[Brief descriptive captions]
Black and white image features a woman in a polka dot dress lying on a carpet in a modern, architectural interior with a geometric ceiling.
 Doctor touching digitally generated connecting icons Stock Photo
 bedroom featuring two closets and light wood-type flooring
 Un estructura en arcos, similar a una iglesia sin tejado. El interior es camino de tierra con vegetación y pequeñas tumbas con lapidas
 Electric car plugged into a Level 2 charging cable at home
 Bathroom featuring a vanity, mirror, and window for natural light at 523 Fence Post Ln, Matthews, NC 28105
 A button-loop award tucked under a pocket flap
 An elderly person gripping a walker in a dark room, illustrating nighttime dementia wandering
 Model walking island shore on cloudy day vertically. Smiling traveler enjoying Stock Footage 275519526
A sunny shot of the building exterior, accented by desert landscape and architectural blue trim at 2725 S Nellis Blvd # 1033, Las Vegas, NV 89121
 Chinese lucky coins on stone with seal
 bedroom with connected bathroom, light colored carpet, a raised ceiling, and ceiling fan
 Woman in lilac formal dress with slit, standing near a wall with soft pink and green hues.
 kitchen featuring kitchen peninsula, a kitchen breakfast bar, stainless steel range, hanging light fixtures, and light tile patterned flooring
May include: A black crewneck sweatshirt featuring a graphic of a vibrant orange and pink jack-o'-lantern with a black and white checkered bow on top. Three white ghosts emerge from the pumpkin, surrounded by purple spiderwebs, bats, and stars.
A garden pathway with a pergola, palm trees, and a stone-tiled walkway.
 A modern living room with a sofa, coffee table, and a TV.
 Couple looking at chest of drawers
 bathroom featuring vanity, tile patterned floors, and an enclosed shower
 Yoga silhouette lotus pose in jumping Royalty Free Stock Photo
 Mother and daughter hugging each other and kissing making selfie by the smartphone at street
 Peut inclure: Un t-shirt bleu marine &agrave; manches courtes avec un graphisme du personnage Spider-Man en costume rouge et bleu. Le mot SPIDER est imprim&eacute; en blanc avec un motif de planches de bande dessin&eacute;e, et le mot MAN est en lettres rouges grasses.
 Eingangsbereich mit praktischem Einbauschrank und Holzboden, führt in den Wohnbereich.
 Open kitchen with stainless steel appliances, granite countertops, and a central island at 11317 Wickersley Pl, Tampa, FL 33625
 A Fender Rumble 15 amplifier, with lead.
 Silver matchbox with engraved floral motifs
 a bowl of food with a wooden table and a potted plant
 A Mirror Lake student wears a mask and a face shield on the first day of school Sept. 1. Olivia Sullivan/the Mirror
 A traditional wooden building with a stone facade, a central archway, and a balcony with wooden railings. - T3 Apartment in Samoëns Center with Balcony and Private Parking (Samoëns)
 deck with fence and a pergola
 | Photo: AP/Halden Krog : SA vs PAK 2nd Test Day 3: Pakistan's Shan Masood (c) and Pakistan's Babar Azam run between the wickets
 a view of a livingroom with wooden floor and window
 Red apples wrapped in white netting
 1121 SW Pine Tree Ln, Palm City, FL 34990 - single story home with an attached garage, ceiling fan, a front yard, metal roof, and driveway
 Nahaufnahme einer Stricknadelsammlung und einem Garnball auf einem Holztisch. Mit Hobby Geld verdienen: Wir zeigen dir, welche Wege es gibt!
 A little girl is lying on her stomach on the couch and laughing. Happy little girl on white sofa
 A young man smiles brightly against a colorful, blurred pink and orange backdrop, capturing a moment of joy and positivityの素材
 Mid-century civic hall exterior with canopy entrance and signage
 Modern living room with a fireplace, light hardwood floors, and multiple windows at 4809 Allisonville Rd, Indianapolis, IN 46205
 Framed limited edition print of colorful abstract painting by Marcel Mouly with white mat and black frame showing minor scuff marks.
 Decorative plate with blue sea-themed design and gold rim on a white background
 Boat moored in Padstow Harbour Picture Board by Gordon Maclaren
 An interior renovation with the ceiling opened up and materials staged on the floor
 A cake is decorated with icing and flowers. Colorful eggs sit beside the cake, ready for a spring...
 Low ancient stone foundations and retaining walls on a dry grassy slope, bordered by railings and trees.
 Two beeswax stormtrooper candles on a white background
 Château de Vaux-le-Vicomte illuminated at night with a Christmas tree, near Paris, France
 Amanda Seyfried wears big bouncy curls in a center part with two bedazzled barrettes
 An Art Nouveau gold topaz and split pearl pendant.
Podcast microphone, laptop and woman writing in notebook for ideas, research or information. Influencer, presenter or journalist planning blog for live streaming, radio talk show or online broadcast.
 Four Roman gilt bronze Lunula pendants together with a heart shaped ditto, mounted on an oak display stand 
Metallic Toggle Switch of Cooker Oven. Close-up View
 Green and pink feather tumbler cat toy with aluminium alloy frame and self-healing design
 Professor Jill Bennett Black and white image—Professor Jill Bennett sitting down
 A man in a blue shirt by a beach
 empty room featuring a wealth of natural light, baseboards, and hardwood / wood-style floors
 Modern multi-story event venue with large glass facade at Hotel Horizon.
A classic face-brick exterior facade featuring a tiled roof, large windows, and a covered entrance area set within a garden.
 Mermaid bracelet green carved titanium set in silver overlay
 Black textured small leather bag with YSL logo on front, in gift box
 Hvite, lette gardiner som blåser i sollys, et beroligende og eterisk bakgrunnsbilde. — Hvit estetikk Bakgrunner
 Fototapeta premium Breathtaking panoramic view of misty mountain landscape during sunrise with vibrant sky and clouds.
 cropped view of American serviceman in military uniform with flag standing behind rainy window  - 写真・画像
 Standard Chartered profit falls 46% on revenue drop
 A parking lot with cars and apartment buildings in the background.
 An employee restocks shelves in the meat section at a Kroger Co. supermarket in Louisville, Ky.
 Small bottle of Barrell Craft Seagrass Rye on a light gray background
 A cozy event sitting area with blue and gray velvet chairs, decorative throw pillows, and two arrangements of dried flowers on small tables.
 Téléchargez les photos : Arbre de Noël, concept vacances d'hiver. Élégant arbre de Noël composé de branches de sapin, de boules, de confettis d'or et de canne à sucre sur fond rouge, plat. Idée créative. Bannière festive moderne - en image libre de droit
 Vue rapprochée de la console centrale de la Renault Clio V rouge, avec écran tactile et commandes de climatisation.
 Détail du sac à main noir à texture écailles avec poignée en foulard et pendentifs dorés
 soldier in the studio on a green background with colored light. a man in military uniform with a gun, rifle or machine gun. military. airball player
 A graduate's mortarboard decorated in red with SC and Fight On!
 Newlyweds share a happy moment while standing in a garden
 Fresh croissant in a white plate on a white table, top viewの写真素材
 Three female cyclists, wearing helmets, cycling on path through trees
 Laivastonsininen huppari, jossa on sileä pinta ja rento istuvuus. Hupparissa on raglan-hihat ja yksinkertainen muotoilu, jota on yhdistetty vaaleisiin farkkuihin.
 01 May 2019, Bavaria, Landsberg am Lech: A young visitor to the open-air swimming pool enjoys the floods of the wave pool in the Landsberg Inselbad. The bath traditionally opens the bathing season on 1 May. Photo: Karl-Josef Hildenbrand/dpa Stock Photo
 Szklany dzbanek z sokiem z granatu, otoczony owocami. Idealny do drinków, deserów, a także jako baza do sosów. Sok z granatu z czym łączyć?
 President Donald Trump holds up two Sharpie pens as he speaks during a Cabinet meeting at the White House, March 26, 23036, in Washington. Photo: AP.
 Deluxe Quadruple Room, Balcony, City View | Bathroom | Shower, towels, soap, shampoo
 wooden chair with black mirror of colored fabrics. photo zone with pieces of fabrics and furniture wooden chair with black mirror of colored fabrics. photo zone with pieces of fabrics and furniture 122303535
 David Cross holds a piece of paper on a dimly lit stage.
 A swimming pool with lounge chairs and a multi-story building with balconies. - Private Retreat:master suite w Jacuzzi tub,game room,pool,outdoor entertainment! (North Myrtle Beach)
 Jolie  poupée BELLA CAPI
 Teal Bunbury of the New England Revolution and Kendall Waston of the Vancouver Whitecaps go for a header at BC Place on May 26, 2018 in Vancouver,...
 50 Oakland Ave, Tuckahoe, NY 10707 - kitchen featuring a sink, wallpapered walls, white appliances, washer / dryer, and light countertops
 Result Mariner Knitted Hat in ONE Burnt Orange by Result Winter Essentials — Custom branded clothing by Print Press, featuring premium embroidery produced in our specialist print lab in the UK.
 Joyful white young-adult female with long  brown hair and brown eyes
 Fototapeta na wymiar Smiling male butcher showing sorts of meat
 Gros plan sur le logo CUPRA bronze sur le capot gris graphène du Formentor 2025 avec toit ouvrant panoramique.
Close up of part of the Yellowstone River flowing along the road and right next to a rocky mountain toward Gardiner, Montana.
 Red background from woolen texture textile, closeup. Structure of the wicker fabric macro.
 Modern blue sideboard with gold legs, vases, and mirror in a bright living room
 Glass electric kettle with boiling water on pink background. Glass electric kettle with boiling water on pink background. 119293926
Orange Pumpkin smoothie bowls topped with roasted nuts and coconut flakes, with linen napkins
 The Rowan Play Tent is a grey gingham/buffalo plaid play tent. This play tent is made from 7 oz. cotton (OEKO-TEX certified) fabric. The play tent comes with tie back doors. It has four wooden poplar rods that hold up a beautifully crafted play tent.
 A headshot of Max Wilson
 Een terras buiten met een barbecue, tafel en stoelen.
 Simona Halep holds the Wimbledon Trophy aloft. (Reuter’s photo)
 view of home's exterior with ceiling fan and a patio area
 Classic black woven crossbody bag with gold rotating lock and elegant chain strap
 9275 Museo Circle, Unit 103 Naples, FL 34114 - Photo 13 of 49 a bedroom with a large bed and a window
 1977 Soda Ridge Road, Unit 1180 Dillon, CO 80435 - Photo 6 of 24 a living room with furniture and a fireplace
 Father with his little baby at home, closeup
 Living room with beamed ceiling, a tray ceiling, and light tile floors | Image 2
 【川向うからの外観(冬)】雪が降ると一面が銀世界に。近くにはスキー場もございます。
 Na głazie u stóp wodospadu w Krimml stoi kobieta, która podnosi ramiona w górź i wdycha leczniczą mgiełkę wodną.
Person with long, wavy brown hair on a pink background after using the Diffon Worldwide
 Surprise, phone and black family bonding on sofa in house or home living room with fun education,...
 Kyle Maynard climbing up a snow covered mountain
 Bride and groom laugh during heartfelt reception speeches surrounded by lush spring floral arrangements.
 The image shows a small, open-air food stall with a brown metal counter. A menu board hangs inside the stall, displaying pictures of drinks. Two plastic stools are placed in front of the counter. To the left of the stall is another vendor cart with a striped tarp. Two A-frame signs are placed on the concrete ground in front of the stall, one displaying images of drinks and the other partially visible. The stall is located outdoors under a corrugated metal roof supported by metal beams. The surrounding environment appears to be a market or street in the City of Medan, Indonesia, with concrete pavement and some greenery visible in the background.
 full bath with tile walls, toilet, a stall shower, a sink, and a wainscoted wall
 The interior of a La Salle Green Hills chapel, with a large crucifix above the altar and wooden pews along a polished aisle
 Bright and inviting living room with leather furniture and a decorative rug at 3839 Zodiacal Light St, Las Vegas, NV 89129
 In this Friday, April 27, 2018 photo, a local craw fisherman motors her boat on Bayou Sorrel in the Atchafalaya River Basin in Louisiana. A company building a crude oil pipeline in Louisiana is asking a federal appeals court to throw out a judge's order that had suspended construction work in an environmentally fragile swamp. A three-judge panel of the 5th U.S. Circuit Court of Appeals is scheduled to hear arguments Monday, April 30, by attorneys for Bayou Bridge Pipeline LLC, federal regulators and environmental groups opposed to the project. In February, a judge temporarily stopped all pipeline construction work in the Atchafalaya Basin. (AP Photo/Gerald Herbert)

Brief:
Which lines in the records above contain the string "home"? Copy each one.

Answer to the exercise:
 Electric car plugged into a Level 2 charging cable at home
 1121 SW Pine Tree Ln, Palm City, FL 34990 - single story home with an attached garage, ceiling fan, a front yard, metal roof, and driveway
 view of home's exterior with ceiling fan and a patio area
 Father with his little baby at home, closeup
 Surprise, phone and black family bonding on sofa in house or home living room with fun education,...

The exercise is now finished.